Feb. 23 marks three years since Russia began its full-scale attack on my home country, Ukraine. I haven’t been in Ukraine for more than 10 years, and I spent almost all those years in LGBTQ activism.

I was barely an adult when my family left my hometown, Donetsk, after the declaration of the so-called Donetsk People’s Republic by Russian  puppet separatists in 2014.

So many things have changed since then—my school friend was barely able to escape the Mariupol bombings together with two little children. Small cities in the Donetsk region that were barely known to outsiders and were places of my father’s business trips turned into battlefields frequently mentioned in international news. And all my queer acquaintances except for one left Ukraine.

This revealed how the world has shifted into globalization and how LGBTQ rights are used as bargaining chips in political debates, and now the fate of LGBTQ Ukrainians is partly dependent on the U.S.

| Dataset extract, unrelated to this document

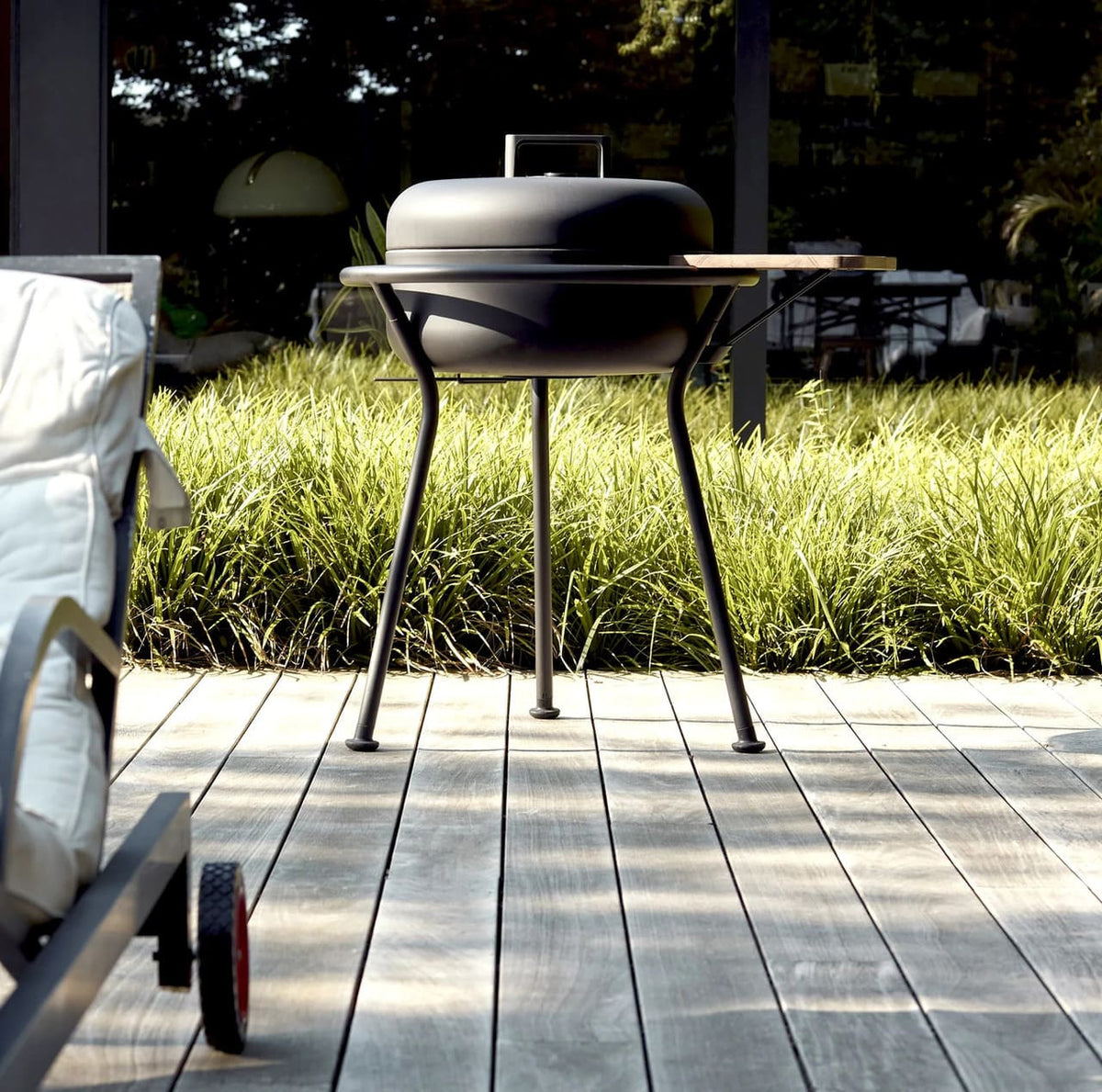 Koro Barbecue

Because Russian officials were using LGBTQ people as a symbol of everything “immoral” and “Western,” they used LGBTQ people in their war propaganda both against the U.S. and against Ukraine. For example, the leader of the state-supported Russian Orthodox Church, Patriarch Kirill of Moscow, stated in 2022 that the war in Ukraine happened because “people in Donetsk do not want Gay Prides” as a justification for the war, and that the gay Prides are the ultimate test that the Americans and the West are using to find out whether Ukrainians are ready to abandon “Russian traditional values.”

But when I asked a transgender person, L., who was living in Donetsk between 2014 and 2022, they explained that they do not face transphobic challenges that many queer people face in Russia, and the younger generation in Donetsk was pretty much LGBTQ friendly. Even Russian puppet forces didn’t care much about LGBTQ people back in those days.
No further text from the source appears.